C’est une grande première. À l’occasion des élections municipales, les femmes peuvent enfin voter et se faire élire dans le royaume saoudien.
«Maintenant, les femmes ont une voix» : les premières élections ouvertes aux femmes, candidates et électrices, ont commencé samedi en Arabie saoudite. Un timide progrès dans ce royaume ultraconservateur régi par une version rigoriste de l’islam. « J’ai pleuré», a confié à l’Agence France-Presse Awatef Marzooq, la trentaine et le visage couvert, après avoir voté dans une école de Riyad pour ces élections municipales. «Ce sont des choses qu’on voit à la télévision dans d’autres pays, sans pouvoir le faire nous-mêmes», a ajouté l’électrice, avant de lancer : «Maintenant, les femmes ont une voix.» L’Arabie saoudite était le dernier pays à dénier à ses citoyennes le droit de vote. Ce royaume est l’un des plus restrictifs au monde pour les femmes, qui n’ont pas le droit de conduire et doivent obtenir l’accord d’un homme pour travailler ou voyager. Samedi, électeurs et électrices devaient choisir entre 6 000 candidats hommes et 900 femmes autorisées pour la première fois à se présenter.

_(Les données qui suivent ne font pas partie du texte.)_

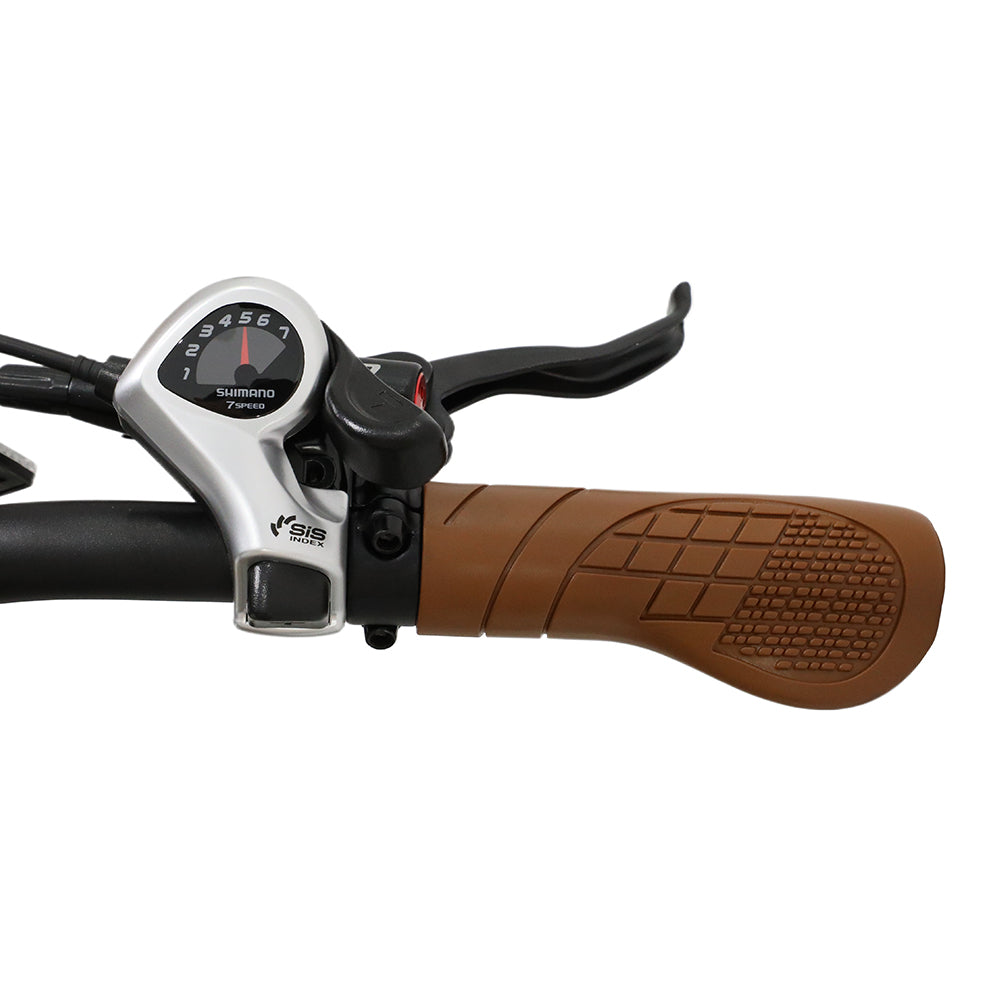 ONESPORT W66 Electric Bike, 500W Motor, 48V 13.5Ah Battery, 20*4.0 inch Tire, 25km/h Max Speed, 100km Range, Front & Rear Hydraulic Disc Brakes, Shock Absorbing Front Fork, 7-speed Transmission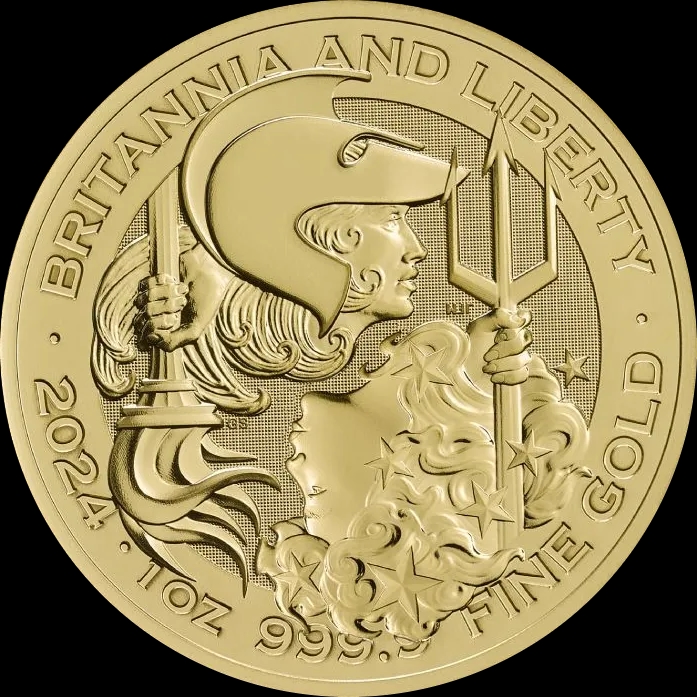 Britannia and Liberty 1 uncja Złota 2024 - image 1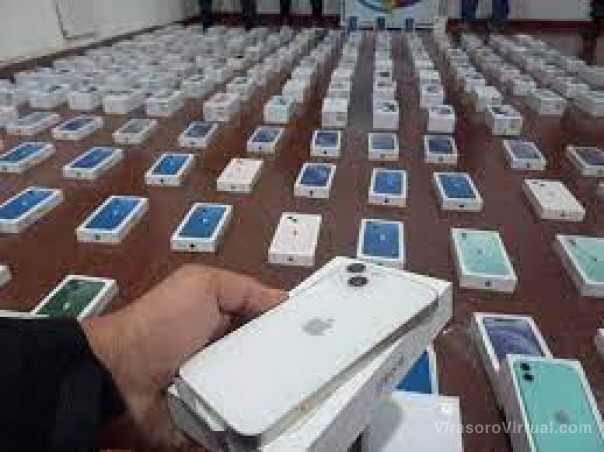 ingresaron celulares desde Paraguay con un aforo de más de $16 millones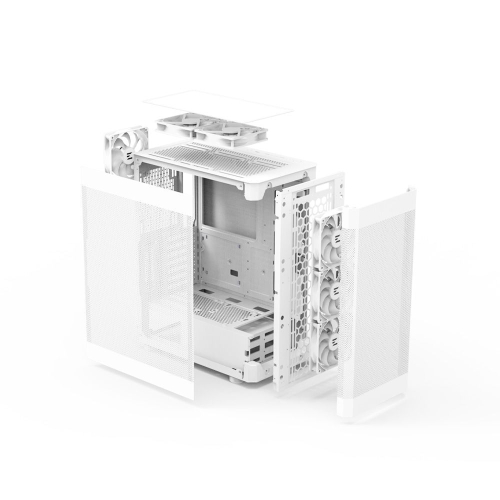 Корпус Zalman Miditower i4 TG White (без БП) (I4 TG WHITE (W/O PSU)) фото 2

Tous briguaient un siège dans les 284 conseils municipaux, des assemblées aux pouvoirs limités qui sont les seules en Arabie à être composées de représentants élus. «Je pense que cette étape sera efficace et très positive», a déclaré Badreldin al-Saouari, candidate à Riyad. Cependant, les chances de voir des candidates élues sont minces, voire nulles. La mixité dans les lieux publics étant interdite, les Saoudiennes en campagne n’ont pu rencontrer que leurs électrices, qui sont 119 000 à s’être inscrites pour la première fois sur une liste électorale, sur près de 1,5 million d’électeurs, selon des chiffres officiels. Des femmes ont affirmé que l’enregistrement des électrices avait été compliqué par des obstacles bureaucratiques, par un manque d’information et par le fait que les femmes ne peuvent pas conduire pour aller s’inscrire.
«Déjà gagné»
Dans un contexte où moins d’un électeur sur dix est une femme, peu de Saoudiennes s’attendent à être élues mais certaines pourraient entrer dans les conseils municipaux en étant nommées par le pouvoir, un tiers des sièges étant pourvus par désignation. «Pour vous dire la vérité, je ne me présente pas pour gagner», a confié Badreldin al-Sawari, pédiatre du centre de Riyad. «Nous avons déjà gagné en nous présentant.»
Pour Aljazi al-Hossaini, consultante de 57 ans qui a mené campagne principalement sur Internet, « même une seule victoire [d’une candidate] serait un progrès». Pour d’autres Saoudiennes, l’expérience électorale a tourné court. Loujain Hathloul, militante emprisonnée deux mois après avoir tenté, en décembre 2014, d’entrer dans le royaume au volant de sa voiture depuis les Émirats arabes unis a vu sa candidature rejetée. Une disqualification annulée par un comité, mais seulement deux jours avant la fin de la campagne, a annoncé la militante sur Twitter, lâchant : « Ce n’est pas juste. » Nassima al-Sadah, militante des droits de l’homme dans la ville de Qatif (Est), a indiqué à l’AFP avoir elle aussi contesté en justice le rejet de sa candidature. Une électrice dans le nord-est du royaume a raconté que la candidate pour laquelle elle voulait voter avait dû se retirer face à l’opposition de dignitaires religieux locaux. Selon de nombreux électeurs, les liens tribaux régissant la société patriarcale saoudienne demeurent le facteur clé du scrutin.